Brown’s conclusion: Energy efficiency — not coal, not nuclear power, not even renewables — should be considered the region’s “first fuel.”

But her esearch also shoew how far behind the rest of the nation the South is in moving toward efficiency. Among other shortcomings:
• Fewer Energy Star appliances are bought here than in other regions;
• The efficiency incentives in the South average one-fifth the value of incentives in other states;
• And Southerners themselves are less enthusiastic about efficiency and are bigger advocates for drilling our way out of our energy problems than are people in other regions.
In many ways, however, the makeup of Brown’s audience was as revealing as her data.

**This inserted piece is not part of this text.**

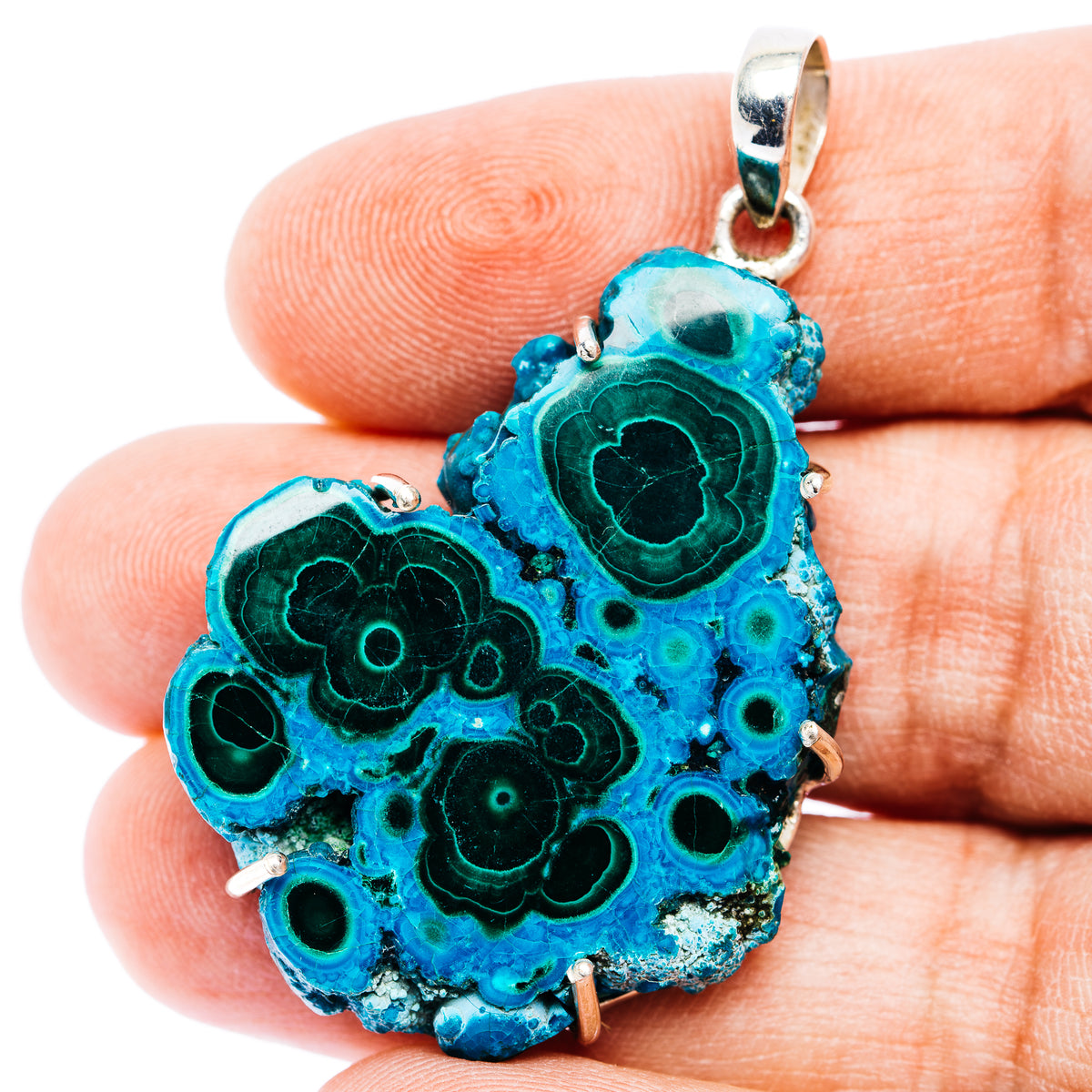 Chrysocolla In Malachite Slice Pendant 2" (.925 Sterling Silver)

Lots of dark suits, conservative ties and polished business shoes. Not a pair Birkenstocks to be seen. Once merely a pipe-dream for environmentalists, efficiency has become a key focus both for startups and established businesses, said ATDC’s Ben Hill, who organized Brown’s appearance Wednesday as one member in a panel discussion in Tech’s Clean Energy Speaker Series.
Brown’s own points were echoed by a source whose mere title underscores how “establishment” energy efficiency has become. Atlanta-based Ken Ostrowski leads the North America Electric Power and Natural Gas Practice at McKinsey & Co., the world’s largest management consulting firm.
Ostrowski and his colleagues issued a report last year that arrived at many of the same conclusions: Because the region uses so much energy, economically viable steps toward efficiency in the South would represent 29 percent of the nation’s potential energy savings. The McKinsey report also found that a $520 billion investment in energy efficiency could yield $1.2 trillion in savings to the economy.

Ostrowski also discussed what he called “the puzzle of energy efficiency”: If it makes so much economic sense, why aren’t more companies investing in efficiency? His answer, put simply: Energy efficiency requires upfront investments and is difficult to measure; it also requires changing “100 million locations and literally billions of devices,” so it won’t happen overnight. Brown added that in the South, at least, policies have followed a culture that’s skeptical of efficiency.

Both Brown’s working paper and the McKinsey report make for interesting reading. And Brown’s work on this subject is likely to yield even more specific results soon. I’ll be following it.

Related posts:

  1. The sunny side of Georgia lagging on solar energy
  2. Will south Georgia tree farms …
  3. Georgia Power moves a wee bit away from coal
  4. Stimulus funds efficiency rebates in Georgia
  5. From landfill gas to fuel?

2 to “Efficiency advocated as South’s ‘first fuel’”


  1. Ken Ostrowski says:

    Thanks for the link to your site. One small clarification/correction for what its worth. The 22% number refers to the reduction potential from BAU (meaning the Southeast has potential to reduce projected 2020 demand by 22% if all NPV-positive EE was captured). The 29% number pertains to the share of US total EE (meaning that of the total pool of NPV-positive EE in the US, the southeast region owns 29%). The point I was making is that the Southeast is very important from an EE standpoint given the sheer size of energy consumed in the region, and that across all regions a sizeable reduction potential exists. Sorry if I did not effectively articulate that explanation during the presentation. Enjoyed meeting you.

  2. Ken O.: Thanks for clarifying that. The correction is now reflected in the copy.